CNES Topics

Getting started \ CNES Topics

At CNES, there are several awesome services that will help you to either develop or contribute to a library, launch processing chains at every scale, access to massive datasets or even put your code into production. This page gives an overview of the most important ones and links to some documentation and tips.

Prerequisite: Scientific Information System account creation

First thing first: some of these services are accessible with a default enterprise account (default to CNES agent, not necessarily to contractors), but many also require to have a SIS account, that must be asked by a CNES agent through our enterprise ticketing system.

Software factory

Any development project needs a version control system and associated Continuous Integration (CI). At CNES a full team is dedicated to provide such an environment built on top of Gitlab and Artifactory for the most part. Full documentation of all this tooling can be found here.

Gitlab and CI

Gitlab is a service accessible to any people with an enterprise or SIS account. It is accessible at: https://gitlab.cnes.fr from inside or outside CNES facilities. From outside, there are some tricks to follow to properly access this gitlab with SSH protocol. From inside CNES network, this is just gitlab as you now it.

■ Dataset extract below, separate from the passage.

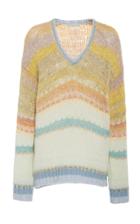 Etro Patterned Wool-knit Sweater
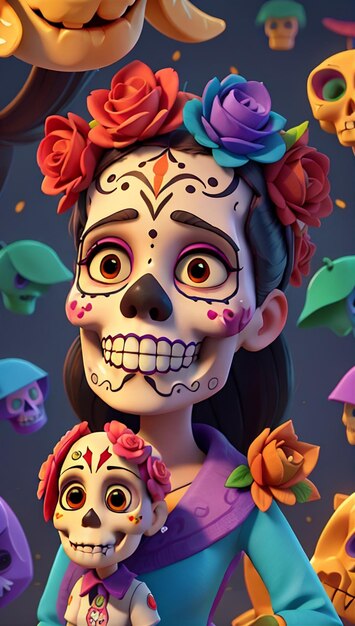 Mujer de los muertos ia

Continuous Integration is now handled by gitlab runners. It's pretty well documented in the Software factory documentation, just beware, for the time being, default shared runners do not have access to Computing Center environment, you'll need a project runner for this. There is one available for Data Campus division.

Artifactory: Package repository

The Artifactory package repository enables two things:

Proxying pip, conda, docker and other public packages repository, allowing fast and easy access to these repo from CNES infrastructures
Storing your own packages built with those technologies for internal sharing.

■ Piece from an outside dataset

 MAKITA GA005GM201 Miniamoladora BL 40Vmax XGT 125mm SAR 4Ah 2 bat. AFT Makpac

When working from a CNES infrastructure like our HPC system, the first thing is often to generate credentials for automatically using this service, especially when working with Python environments or Docker.

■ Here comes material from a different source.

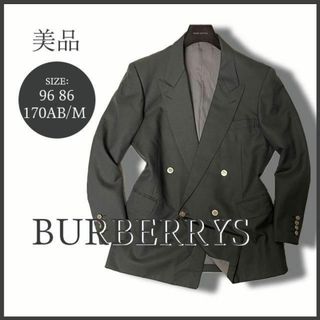 バーバリー(BURBERRY)の最高級 英・バーバリー  ダブルブレザー グレー 銀釦(ホース刻印) M 美品(テーラードジャケット)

See the Pluto Trex tip explaining this shortly, more information can be found in Software factory documentation.

Computing Center

CNES Computing center offers a set of coherent services around computing and data processing at scale. It comprises an HPC (or HPDA) system, an associated Datalake, and Jupyterhub service on top of it for interactive development. These services are described in Confluence, and HPDA part also have its own complete documentation.

Datalabs for interactive analysis

The Datalabs is a custom Jupyterhub, enabling users with a SIS account to access computing power through Jupyter notebooks. It is based on the Pangeo stack, and is accessible at

https://jupyterhub.sis.cnes.fr from inside CNES network,
https://jupyterhub.cnes.fr from outside CNES network.

A complete documentation is also available from our Confluence instance.

It comes with prebaked Virtual Research Environment (VRE) which contains all the necessary libraries and toolset for easy development experience. But you can also use it with your own environments.

HPDA Platform: Trex

Trex is a modern HPC system, with boosted storage and GPU access, which makes it a High Performance Data Analitycs (HPDA) system. It provides access to computing resources through Slurm scheduling system, and a Spectrum Scale storage platform.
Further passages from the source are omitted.